Anfang Juni wurden 20 zusätzliche (Teil-) Sektoren im Rahmen der Verordnung über Maßnahmen zur Vermeidung von Carbon-Leakage durch den nationalen Brennstoffemissionshandel (BECV) rückwirkend für die Jahre 2021 bis 2025 bzw. 2023 bis 2025 beihilfefähig. Zudem gab es bei einigen Sektoren eine Anpassung der Emissionsintensität und des Kompensationsgrades. Um die BECV-Beihilfe zu erhalten, muss ein Antrag bis zum 14.09.2026 (materielle Ausschlussfrist) via VPS-Nachricht bei der Deutsche Emissionshandelsstelle (DEHSt) eingegangen sein. Ein Fristversäumnis führt zur Ablehnung des Antrags. (Siehe Details zu den neuen Regelungen hier.)

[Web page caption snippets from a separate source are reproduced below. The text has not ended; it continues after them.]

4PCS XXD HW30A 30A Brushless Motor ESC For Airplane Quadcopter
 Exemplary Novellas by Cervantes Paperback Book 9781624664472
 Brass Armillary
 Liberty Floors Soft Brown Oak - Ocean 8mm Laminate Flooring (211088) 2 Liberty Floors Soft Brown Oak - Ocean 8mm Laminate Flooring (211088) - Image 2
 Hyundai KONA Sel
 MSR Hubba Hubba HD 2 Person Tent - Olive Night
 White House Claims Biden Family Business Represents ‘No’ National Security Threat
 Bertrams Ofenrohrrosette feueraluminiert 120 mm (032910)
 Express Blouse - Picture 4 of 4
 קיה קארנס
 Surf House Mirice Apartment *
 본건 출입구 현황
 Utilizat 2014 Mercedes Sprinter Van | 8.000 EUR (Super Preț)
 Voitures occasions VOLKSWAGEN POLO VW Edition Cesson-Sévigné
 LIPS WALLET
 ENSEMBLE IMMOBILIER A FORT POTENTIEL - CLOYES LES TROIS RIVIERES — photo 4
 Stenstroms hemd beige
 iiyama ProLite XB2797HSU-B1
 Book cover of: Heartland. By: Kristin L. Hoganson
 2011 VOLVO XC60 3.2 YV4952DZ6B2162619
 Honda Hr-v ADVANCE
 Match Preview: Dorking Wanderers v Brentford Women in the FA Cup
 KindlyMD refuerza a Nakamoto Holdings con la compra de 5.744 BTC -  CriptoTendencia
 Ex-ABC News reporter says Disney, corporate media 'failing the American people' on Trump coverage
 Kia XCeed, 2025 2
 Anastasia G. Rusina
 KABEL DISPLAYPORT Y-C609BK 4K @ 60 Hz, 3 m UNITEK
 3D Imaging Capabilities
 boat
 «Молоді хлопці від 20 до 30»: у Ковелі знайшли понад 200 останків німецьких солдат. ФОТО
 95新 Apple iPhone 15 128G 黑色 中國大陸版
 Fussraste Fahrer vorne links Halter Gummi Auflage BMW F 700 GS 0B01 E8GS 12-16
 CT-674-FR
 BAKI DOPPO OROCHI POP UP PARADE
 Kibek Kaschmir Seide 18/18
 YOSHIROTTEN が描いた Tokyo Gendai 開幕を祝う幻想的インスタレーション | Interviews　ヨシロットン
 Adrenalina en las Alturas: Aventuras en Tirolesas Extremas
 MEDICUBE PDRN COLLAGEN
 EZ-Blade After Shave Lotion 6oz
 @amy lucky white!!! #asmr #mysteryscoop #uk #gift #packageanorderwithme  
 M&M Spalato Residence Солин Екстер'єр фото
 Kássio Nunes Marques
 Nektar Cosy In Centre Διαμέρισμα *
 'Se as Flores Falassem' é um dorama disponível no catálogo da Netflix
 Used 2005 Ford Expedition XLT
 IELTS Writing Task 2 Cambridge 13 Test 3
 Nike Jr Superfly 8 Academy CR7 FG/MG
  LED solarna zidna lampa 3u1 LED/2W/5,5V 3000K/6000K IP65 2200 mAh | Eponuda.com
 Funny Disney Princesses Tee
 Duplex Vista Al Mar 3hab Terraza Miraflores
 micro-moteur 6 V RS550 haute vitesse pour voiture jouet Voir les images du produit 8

In diesem Beitrag wird genauer ausgeführt, wie diese Anpassung der BECV-Beihilferegelungen von beihilfeberechtigten Unternehmen genutzt werden kann. Wir skizzieren zum einen die Antragsverfahren zur Erlangung der Beihilfe bzw. zur Anpassung des Kompensationsgrades für berechtigte Unternehmen und legen zum zweiten dar, welche ökologischen Gegenleistungen im Rahmen dieser Regelungen erbracht werden müssen.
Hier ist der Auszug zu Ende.